| Komisyon Adı | : | PLAN VE BÜTÇE KOMİSYONU |
| Konu | : | 2024 Yılı Merkezi Yönetim Bütçe Kanunu Teklifi (1/276) ve 2022 Yılı Merkezi Yönetim Kesin Hesap Kanunu Teklifi (1/274) ile Sayıştay tezkereleri a) Adalet Bakanlığı b) Kişisel Verileri Koruma Kurumu c) Ceza İnfaz Kurumları ile Tutukevleri İş Yurtları Kurumu ç) Türkiye Adalet Akademisi d) Hâkimler ve Savcılar Kurulu e) Türkiye İnsan Hakları ve Eşitlik Kurumu f) Anayasa Mahkemesi g) Yargıtay ğ) Danıştay |
| Dönemi | : | 28 |
| Yasama Yılı | : | 2 |
| Tarih | : | 21 .11.2023 |
SİBEL SUİÇMEZ (Trabzon) - Sayın Bakan, aslında konuşmama başlarken karışık duygular içerisindeyim. Bir yanım çok şey söylemek istiyor, bir yanım da hukukun ve anayasanın olmadığı bir ülkede hukuk adına konuşmanın anlamsız olduğunu söylüyor ama ben yine de öncelikle size ve Bakanlık bürokrasisine eski bir Baro Başkanı olarak teşekkür etmek istiyorum. Asgari ücret tarifesinde göstermiş olduğunuz çaba ve iş birliği için size, bürokratlarımıza, Türkiye Barolar Birliği Başkanımıza ve Yönetim Kuruluna teşekkür ediyorum. Aynı iş birliğinin CMK ücret tarifesinde de sonuçlanmasını diliyorum. Bizim, tabii, burada temel talebimiz, asgari ücret tarifesiyle eşleşmesidir. Bu talebimizden vazgeçmeyeceğiz ancak enflasyon ve yeniden değerlenme oranlarının üstünde artış yapılması ya da önceki yılın veya daha önceki yılın asgari ücret tarifesi üzerinden de eşitlenmesi gerektiğini, bunu da beklediğimizi belirtmek isterim. Ağır ceza mahkemesinde avukatlık asgari ücret tarifesine göre 29.800 liraya görülen bir dava CMK'de 3.338 küsura görülüyor. Asliye cezada 17.900 olan bir dava CMK olduğu zaman 1.960 TL'ye görülüyor. Gördüğünüz gibi arada çok büyük bir ücret farkı var ve bunun kapatılması için de her yıl yapılan artıştan öte ayrıca CMK ücretlerine de ara artış yapılması zorunluğu görülmektedir. Ayrıca, CMK ücretlerinde de -bir kamu hizmeti olduğu için- KDV'nin yüzde 1'e düşürülmesi zaruridir.

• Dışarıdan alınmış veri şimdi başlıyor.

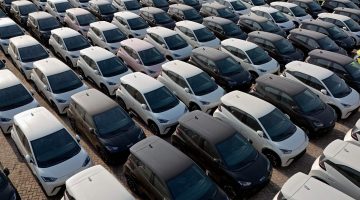 أوروبا ترفع الرسوم الجمركية على السيارات الكهربائية الصينية 38% | اقتصاد – البوكس نيوز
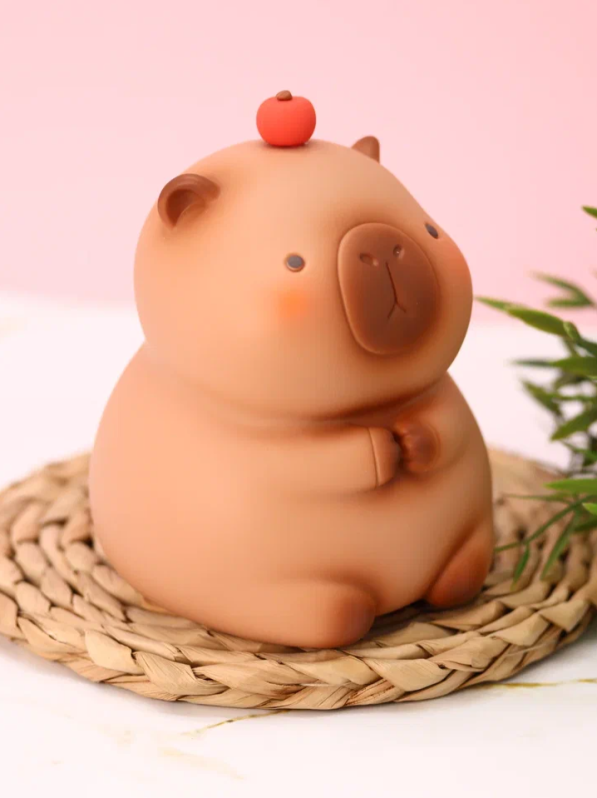 Копилка "Capybara with apple", 15 см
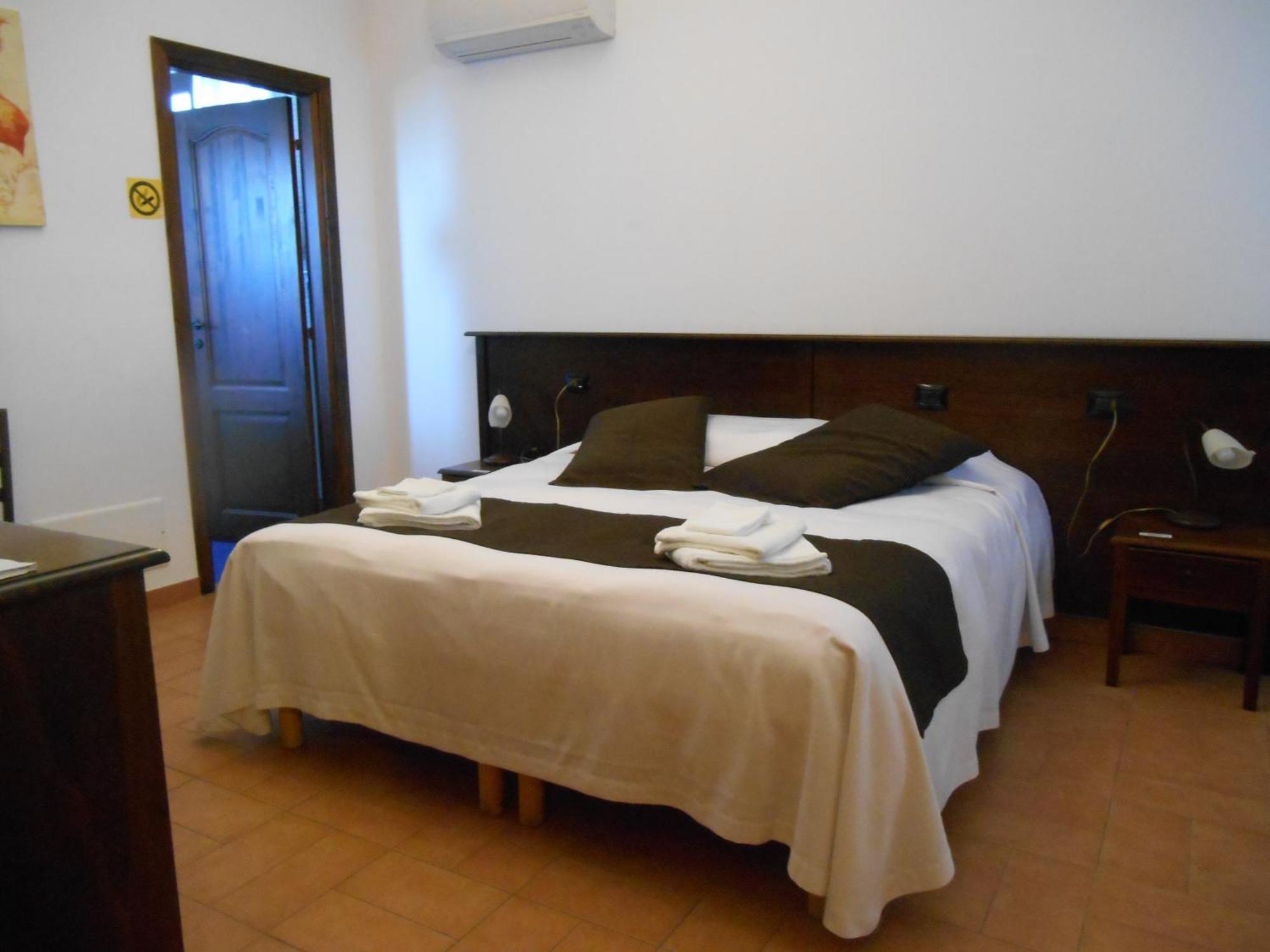Bed & Breakfast Giardini Di Marzo Lecce Exteriör bild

Sayın Bakanım, adli yardım yaramız devam ediyor. Bir yandan dezavantajlı grupların adalete erişimini destekliyoruz ancak baroların bütçeleri artık bunları kaldıracak bir durumda değildir. Elbette ki ödeneklerinin yüzde 2'den yüzde 3'e çıkarılmasını olumlu buluyoruz ancak yeterli değildir, en az yüzde 4'e çıkarılmalıdır ve 2023 yılı için de yüzde 3 olan artış uygulanmalıdır.

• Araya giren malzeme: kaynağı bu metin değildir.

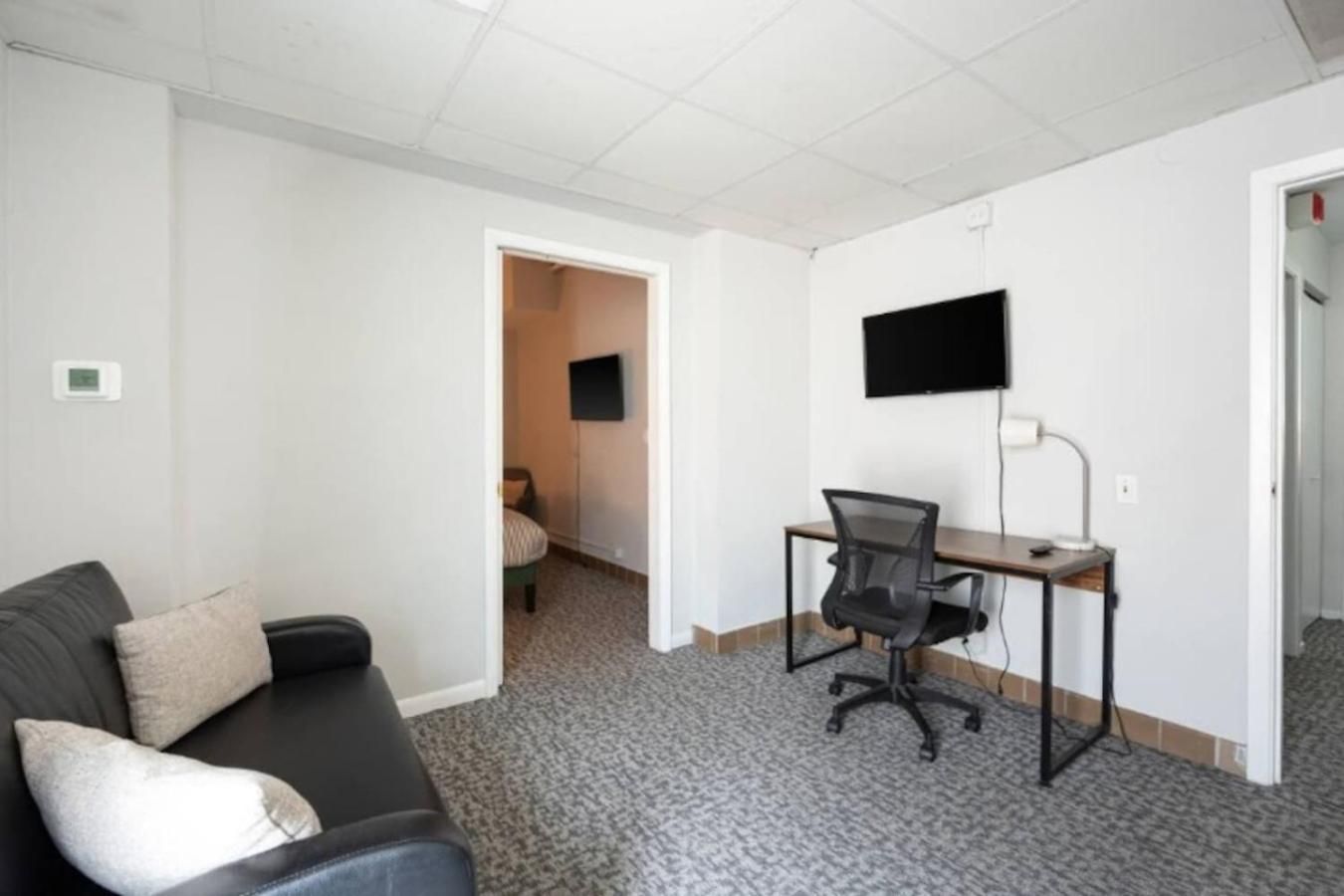 Sleep 14 Downtown, Vintage 5bd-2ba Gym & Patio * Chicago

Sayın Bakanım, hep söyleniyor size; birikmiş adli yardım ödemeleri var, artık barolar bu hizmetleri verebilecek konumda değil, ek ödenek verilmesi zaruridir. Haziran ayı itibarıyla toplam 57.975 avukat, 57.975 dosyada 214 milyon 900 bin 200 TL ödeme beklemektedirler. Dolayısıyla bu sorunun bir an önce çözümü adalete erişimde çok büyük fayda sağlayacaktır.
Yine, adli müzaheret kapsamındaki vekâlet ücretleri görevlendirmeyle birlikte hemen ödenmelidir. Deprem bölgesindeki dosyalarda adli müzaheret hükümleri uygulanmalıdır.

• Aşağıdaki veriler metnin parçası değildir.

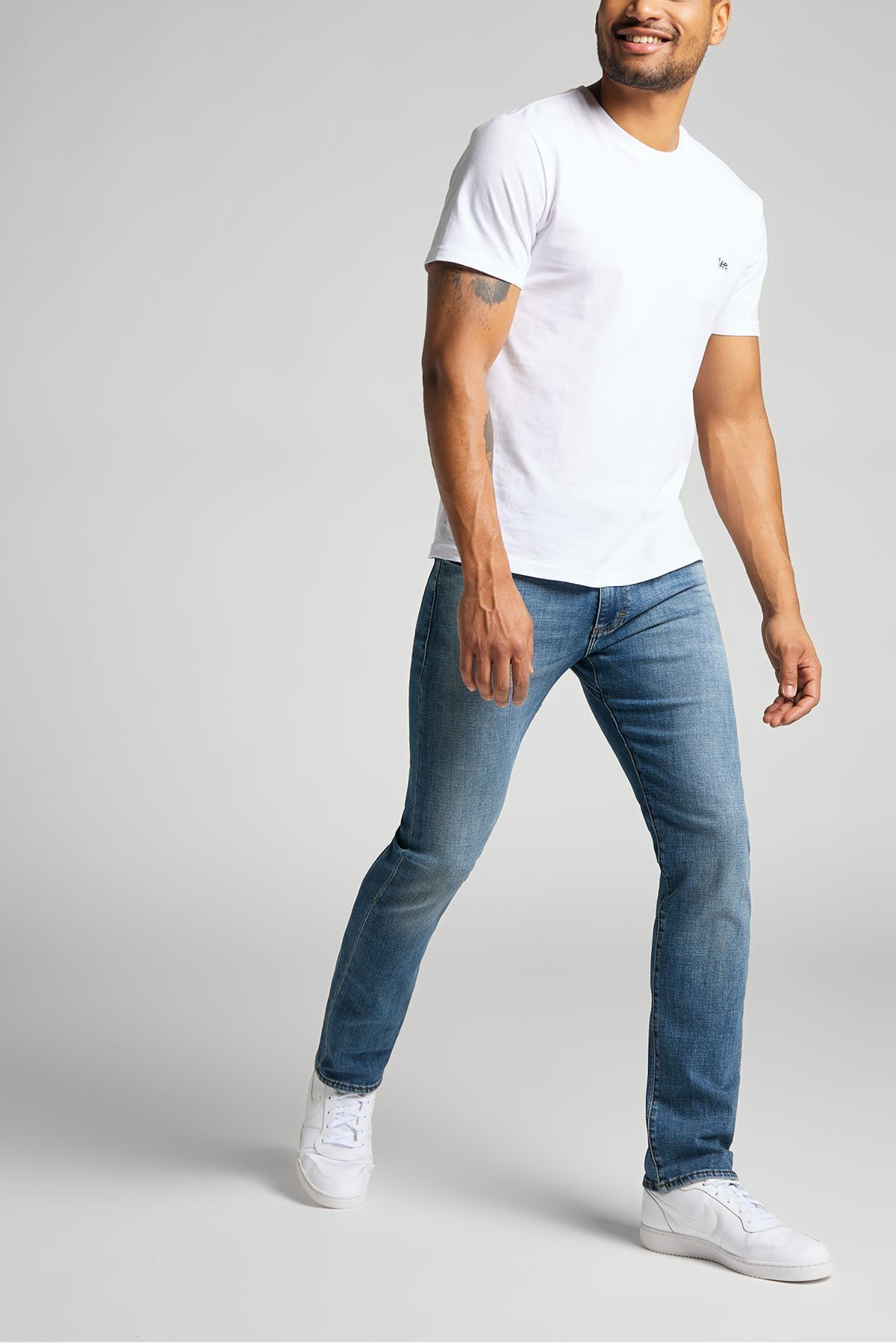 شلوار جین منعطف باریک Extreme Motion Slim Fit معمولی کمر آبی انعطاف پذیر Lee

Sayın Bakanım, bu söylediğim şeyler sizin önünüze defalarca, Bakanlığın önüne defalarca, barolar ve Türkiye Barolar Birliği tarafından getirildi. Sürem çok fazla kalmadığı için tekrarlamayacağım ama 2 bakanlık var, çok merak ediyorum; biri Millî Eğitim Bakanlığı, biri Adalet Bakanlığı. Millî Eğitim Bakanlığının ne millîliği kaldı ne de eğitim dalı kaldı. Maalesef Türkiye'de Adalet Bakanlığının da "adalet" kısmı ortadan kalktı çünkü artık Anayasa'ya darbeler bizzat yargı makamları tarafından yapılmaktadır. Bildiğiniz gibi daha önce Yargıtay üyelerinin -bir ek göstergeyle- ücretlerinde bir artış sağlamıştınız. Bu, Anayasa Mahkemesi tarafından iptal edilmiş ve yasal düzenleme yapılması için de süre verilmişti. Şunu bir kez daha ifade etmek isteriz ki yüksek mahkemelerde her kesimde yani Yargıtay, Danıştay veya Anayasa Mahkemeleri üyeleri arasında böyle bir farkın yaratılması mümkün değildir; eşit uygulama yapılması zorunluluğu vardır.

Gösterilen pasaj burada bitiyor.